Author: Deal Comment
25 Apr 2007 | 01:00 | 1 comment
The symbolism of the first-ever buy-out of a FTSE 100 company is not lost on private equity lawyers. They have been talking about such an event occurring for at least a couple of years now.
And many say that KKR’s £11bn takeover of Alliance Boots confirms their long-held belief that such large take-privates can be translated from the US to Europe (see story).
But ask if it will be the first of many and they are quick to point out that the reaction of the unions – a factor that will dictate the success of the deal – will be key. If the unions kick up a fuss, making it difficult for the sponsor to restructure the business, it will have a major deterrent effect on other bids for household names.
This is especially important given the amount of scrutiny the private equity industry is currently attracting. Growing concern over private ownership, transparency and the treatment of tax in the sector will mean buy-out houses will have to play their cards carefully over the coming months.
Current indications are that the industry is showing just enough sensitivity to its current position to grease its way out of serious trouble, which arguably demonstrates that a cottage industry notorious for its poor communications skills is maturing.

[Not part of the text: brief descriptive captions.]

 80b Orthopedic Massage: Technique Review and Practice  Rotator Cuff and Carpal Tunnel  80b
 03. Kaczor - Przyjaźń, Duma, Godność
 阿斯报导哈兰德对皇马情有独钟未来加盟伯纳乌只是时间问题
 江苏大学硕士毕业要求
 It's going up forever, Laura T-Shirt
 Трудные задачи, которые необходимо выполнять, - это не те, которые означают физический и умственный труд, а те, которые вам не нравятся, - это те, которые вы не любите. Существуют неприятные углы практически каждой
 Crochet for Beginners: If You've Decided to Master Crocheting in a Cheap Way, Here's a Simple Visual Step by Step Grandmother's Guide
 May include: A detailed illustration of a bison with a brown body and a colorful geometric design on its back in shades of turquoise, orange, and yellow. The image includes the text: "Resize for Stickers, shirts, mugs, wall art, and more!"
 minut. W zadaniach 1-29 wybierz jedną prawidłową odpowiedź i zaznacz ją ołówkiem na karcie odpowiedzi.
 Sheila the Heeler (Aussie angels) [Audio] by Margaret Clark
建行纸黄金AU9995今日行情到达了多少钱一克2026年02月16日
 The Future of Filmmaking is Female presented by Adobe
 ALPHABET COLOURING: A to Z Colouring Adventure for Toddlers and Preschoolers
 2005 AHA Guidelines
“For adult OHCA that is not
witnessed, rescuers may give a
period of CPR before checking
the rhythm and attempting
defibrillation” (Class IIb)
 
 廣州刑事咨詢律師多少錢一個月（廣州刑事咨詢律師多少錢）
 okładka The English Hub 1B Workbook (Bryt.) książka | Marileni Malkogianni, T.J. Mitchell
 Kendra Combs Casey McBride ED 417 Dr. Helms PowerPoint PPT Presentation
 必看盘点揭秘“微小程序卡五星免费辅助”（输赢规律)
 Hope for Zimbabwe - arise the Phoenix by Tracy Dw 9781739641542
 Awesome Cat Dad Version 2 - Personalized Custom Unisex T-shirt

It is no coincidence that KKR has attempted to appease the unions today (25 April) by announcing that it is not intending to cut jobs at Boots as a result of the deal.
But whether or not KKR wins the hearts and minds of the general public (it's hard to imagine that sentence being said not so long ago), it would take an almighty effort by the unions to stop private equity houses from advancing on other FTSE 100 companies. The amount of private equity fund-raising has risen dramatically over the last two years and the growing number of consortium deals means very few companies are really out of bounds.
Not even Slaughter and May – Boots' adviser – can ignore it. The firm might boast an unparalleled roster of FTSE 100 clients, but its list of top buy-out clients remains well short of its comparable rivals. And these are private equity outfits that are looking to buy-up half of Slaughters' client list.
Slaughters has two advantages here. Firstly, it has often done well when its clients are taken over. Boots itself was acquired by Alliance – an Allen & Overy client – last year, yet Slaughters still won the key mandate. Likewise, its banking connections remain excellent, which will help the firm get the nod with big clients.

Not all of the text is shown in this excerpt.